- _Directions_
Looking at the listing below, retype exactly the lines starting at the one containing "3415 Aylesford Lane, Indianapolis, IN 46228" and ending at the one containing "1ZW STUDIO BALKON", both included, and nothing else.

- _Exercise materials_
****
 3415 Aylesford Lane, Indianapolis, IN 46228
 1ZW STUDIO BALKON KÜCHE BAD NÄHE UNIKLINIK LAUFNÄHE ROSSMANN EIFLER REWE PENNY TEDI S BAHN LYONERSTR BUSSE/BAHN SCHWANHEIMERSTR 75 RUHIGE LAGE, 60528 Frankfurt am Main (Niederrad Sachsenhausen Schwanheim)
****
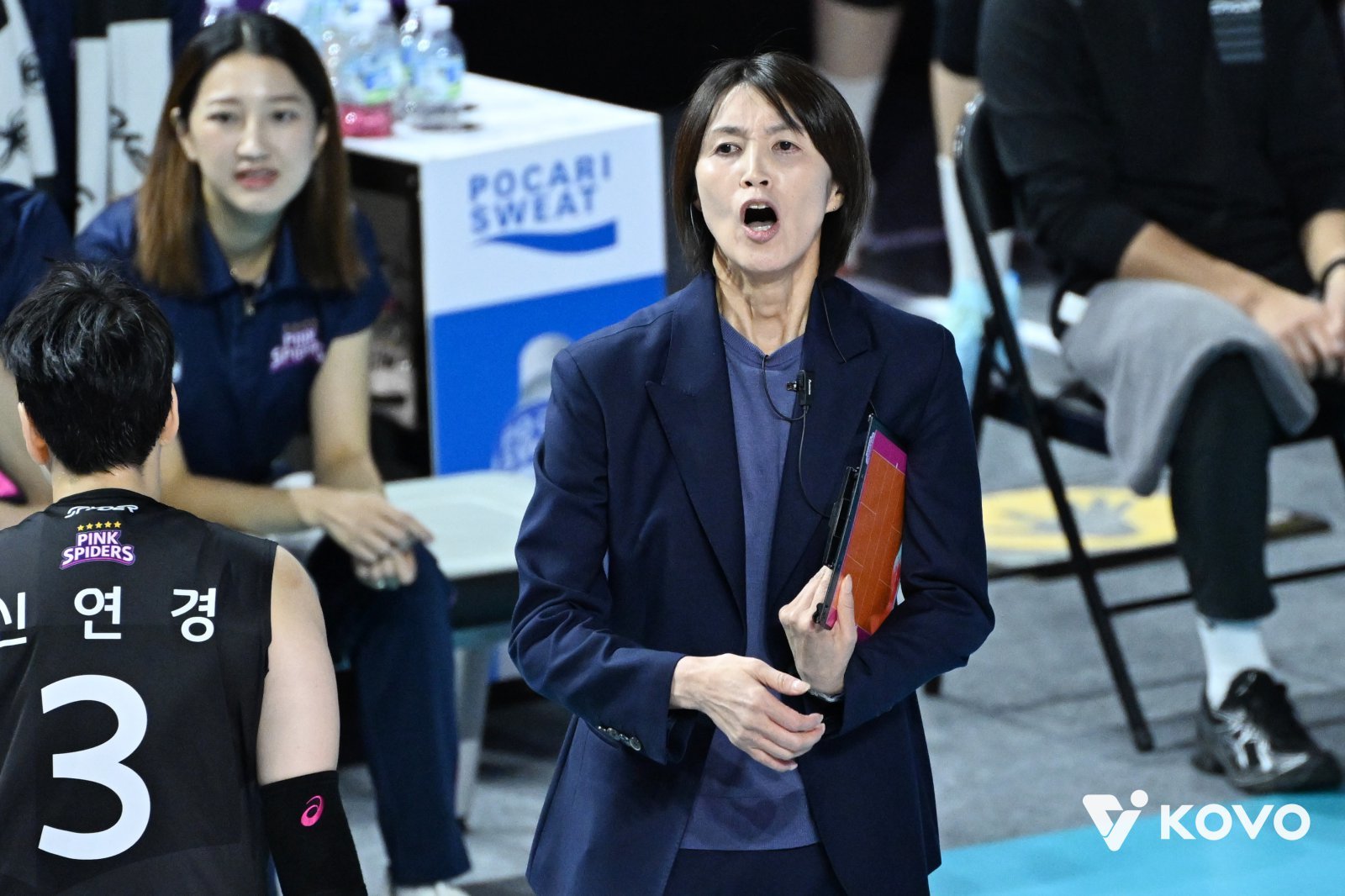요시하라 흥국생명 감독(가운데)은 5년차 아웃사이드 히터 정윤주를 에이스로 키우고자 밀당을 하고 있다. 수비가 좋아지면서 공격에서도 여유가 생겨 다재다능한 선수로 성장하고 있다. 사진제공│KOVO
****
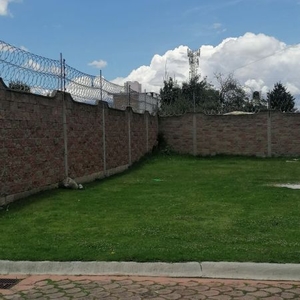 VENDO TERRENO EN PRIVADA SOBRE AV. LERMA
****
- _Written answer_
 3415 Aylesford Lane, Indianapolis, IN 46228
 1ZW STUDIO BALKON KÜCHE BAD NÄHE UNIKLINIK LAUFNÄHE ROSSMANN EIFLER REWE PENNY TEDI S BAHN LYONERSTR BUSSE/BAHN SCHWANHEIMERSTR 75 RUHIGE LAGE, 60528 Frankfurt am Main (Niederrad Sachsenhausen Schwanheim)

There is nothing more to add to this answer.